Page 17 of Like Death


  In his heart, nevertheless, there remained a sort of acrimonious discontent with himself and the countess. Would they not be made uncomfortable in their daily relations by the suspicion he would constantly feel that they harbored? Would he not be obliged to watch with tiresome and scrupulous attention every word, every act, every glance, his most insignificant attitudes towards the young girl? For all he might do, all he might say, would become suspicious to the mother.

  He returned home out of sorts and began to smoke cigarettes with the impetuosity of a man who is irritated and uses ten matches to light his tobacco. In vain did he try to work. His hand, his eyes, and his mind seemed to have lost the habit of painting, as if they had forgotten it, as if they had never known and practiced that art. He had taken out a little canvas, already begun, which he desired to finish—a street corner and a blind man singing—and he looked at it with an indifference he could not overcome, with such powerlessness to continue it that he sat before it, palette in hand, and forgot it, although still contemplating it with steadfast and abstracted intentness.

  Then suddenly his impatience at the tediousness of the waning hour, at the interminable minutes, began to gnaw at him with its intolerable fever. Since he could not work, what should he do till the hour of his dinner at the Cercle? The thought of the street wearied him beforehand, filled him with disgust for the sidewalks, the passersby, the carriages and shops, and the thought of paying calls that day, to no matter whom, awoke in him an instantaneous hatred for all the people he knew.

  So what should he do? Should he pace up and down his studio, looking at every turn towards the clock, at the hand displaced every few seconds? Ah! He knew those journeys from the door to the cabinet filled with trifles. In the hours of fervor, of impulse, of animation, of fruitful and facile execution, those goings and comings across the large room, brightened, invigorated, warmed by work, were delightful recreations; but in the hours of powerlessness and nausea, in the miserable hours when nothing seemed worth the trouble of an effort or a motion, it was the odious tramp of the prisoner in his cell. If only he could have gone to sleep but for an hour on his divan. But no, he would not sleep; he would agitate himself until he trembled with exasperation. Whence came this sudden access of ill temper? He reflected, “I am becoming horribly disturbed to get into such a state through such an insignificant cause.”

  Then, he thought he would take a book. The volume of La Légende des siècles was still on the iron chair where Annette had laid it down.
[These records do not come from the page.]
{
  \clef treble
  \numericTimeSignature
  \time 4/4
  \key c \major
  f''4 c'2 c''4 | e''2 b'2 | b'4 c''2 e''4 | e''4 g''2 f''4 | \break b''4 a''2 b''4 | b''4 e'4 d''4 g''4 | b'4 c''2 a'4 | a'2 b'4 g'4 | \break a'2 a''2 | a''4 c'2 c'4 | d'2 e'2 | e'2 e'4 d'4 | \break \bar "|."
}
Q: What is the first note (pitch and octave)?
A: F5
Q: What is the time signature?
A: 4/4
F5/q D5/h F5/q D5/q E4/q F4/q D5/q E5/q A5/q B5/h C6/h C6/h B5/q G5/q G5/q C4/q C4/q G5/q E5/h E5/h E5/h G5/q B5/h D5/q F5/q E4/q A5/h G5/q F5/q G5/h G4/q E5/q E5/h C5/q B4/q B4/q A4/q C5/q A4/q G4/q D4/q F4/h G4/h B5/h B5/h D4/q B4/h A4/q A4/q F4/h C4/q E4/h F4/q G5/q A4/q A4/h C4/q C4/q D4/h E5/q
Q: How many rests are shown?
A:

He opened it, read two pages of verse without comprehending it. He understood it no more than if it had been written in a foreign tongue. He was obstinate, and began over again only to find that the meaning made really no impression on him. “Come,” said he to himself, “it seems that my wits have left me.” But about six o’clock it flashed through his mind that he must dally until dinnertime. He had a warm bath prepared and stretched himself out in it, softened, relieved by the tepid water, and remained there till his valet, who was bringing the linen, awakened him from a doze. He then went to the Cercle, where he found his usual companions, who received him with open arms and exclamations, for they had not seen him for several days.

  “I am just in from the country,” he said.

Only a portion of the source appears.